Est-ce une bonne idée d'avoir prévu la coexistence de deux référents au sein de l'entreprise ? 

Oui, car c'est différent d'une enquête RH ; elle s'appuie sur une autre méthodologie. Ce binôme doit permettre de mettre en place une enquête la plus impartiale possible, à charge et à décharge. Il faut établir la matérialité des faits, charge à l'employeur de démontrer qu'ils sont étrangers à tout fait de harcèlement. Le référent CSE aura, lui, la casquette de l'élu ; il défendra davantage le point de vue du plaignant. Mais attention, il ne s'agit pas d'opposer les deux. Ils doivent mener une enquête contradictoire implicite et aboutir à un consensus sur le résultat de l'enquête et la caractérisation des faits. Ils ne doivent surtout pas être dans une relation conflictuelle. Chacun d'entre eux porte la responsabilité de la prévention ; ils doivent développer une culture commune. 

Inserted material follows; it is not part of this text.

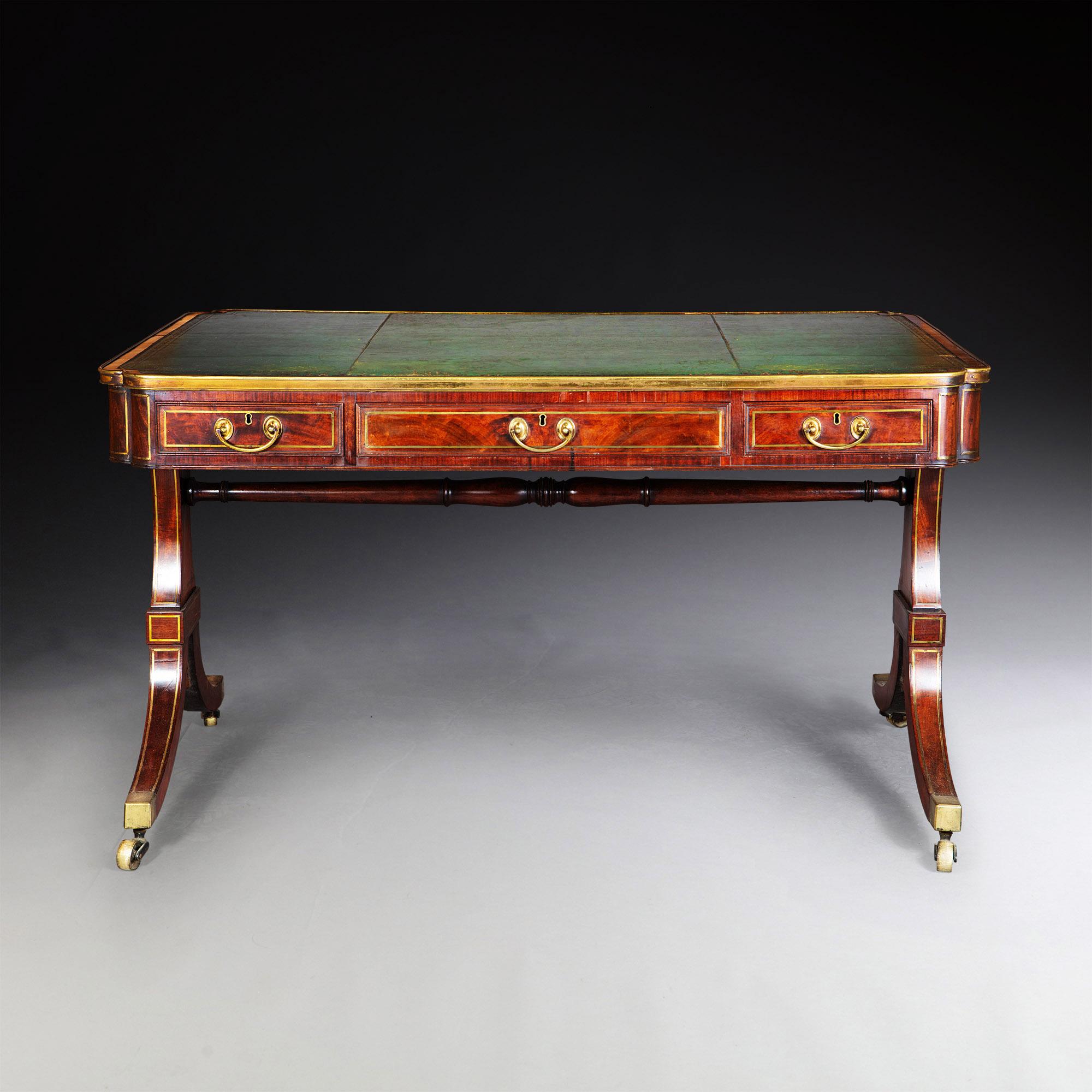 A fine George IV figured mahogany writing table
The tooled leather top inside a mahogany band, with a double brass rimed edge, above a frieze with two brass rimmed drawers. Features panel sides in figured mahogany, resting on solid brass inlaid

Le référent employeur doit-il être obligatoirement un membre du service RH ? 

Non, pas nécessairement. il peut s'agir de tout autre salarié. Les RH ont de toutes façons un rôle en matière de prévention des faits de harcèlement. Le référent doit toutefois être accessible. C'est à l'entreprise de se demander quel peut être le meilleur interlocuteur. 

Quelles sont leurs capacités d'action ? 

Les marges de manoeuvre du référent employeur et du référent CSE ne sont pas les mêmes. Celles du référent CSE sont étroitement liées à celles afférentes à son mandat. Il peut ainsi se déplacer et s'informer dans le cadre de l'exercice de son mandat. D'ailleurs, je recommande de prévoir un référent CSE au niveau de chaque établissement, et non seulement de l'entreprise comme le prévoit le code du travail. 

Les capacités du référent employeur sont plus floues. Aucune formation n'est prévue par exemple. Je recommande au salarié référent de bien négocier avec son employeur les moyens dont il pourra disposer et de bien s'outiller. Cette mission représente pour le salarié une charge supplémentaire sans que le code du travail ne lui octroie ni le temps nécessaire ni les moyens indispensables.  

Quelles sont les difficultés que vous avez identifiées dans l'exercice de leur mission ? 

Elles sont de plusieurs ordres. Le référent va être confronté à des comportements qui peuvent être présents dans l'entreprise depuis des années ou bien dans des métiers où les blagues sexistes font partie de la culture. Le référent doit se demander de quelle manière il peut faire évoluer la situation et appréhender son rôle dans ce changement.  

S'agissant plus spécifiquement du référent CSE, il faut déterminer son niveau d'information et de confidentialité. Le salarié qui va voir le référent peut en effet demander à ce que son anonymat soit préservé. De manière générale, les salariées (car ce sont majoritairement des femmes qui sont victimes de harcèlement sexuel et de faits de sexisme) peuvent en effet avoir honte de subir cette situation et en souffrir. Elles veulent être protégées sans être forcément exposées. D'autant que ces remontées peuvent entraîner des mesures disciplinaires à l'égard de la personne mise en cause. 

Est-ce une déresponsabilisation de l'employeur dans son rôle de prévention et de protection de la santé et de la sécurité des employeurs ? 

Non, la prévention et la gestion de tels risques reste du ressort de l'employeur. Cette réforme permet au contraire de multiplier les opportunités d'action et d'avoir des acteurs supplémentaires ancrés dans la vie de l'entreprise. Les référents vont devoir toutefois faire leurs preuves.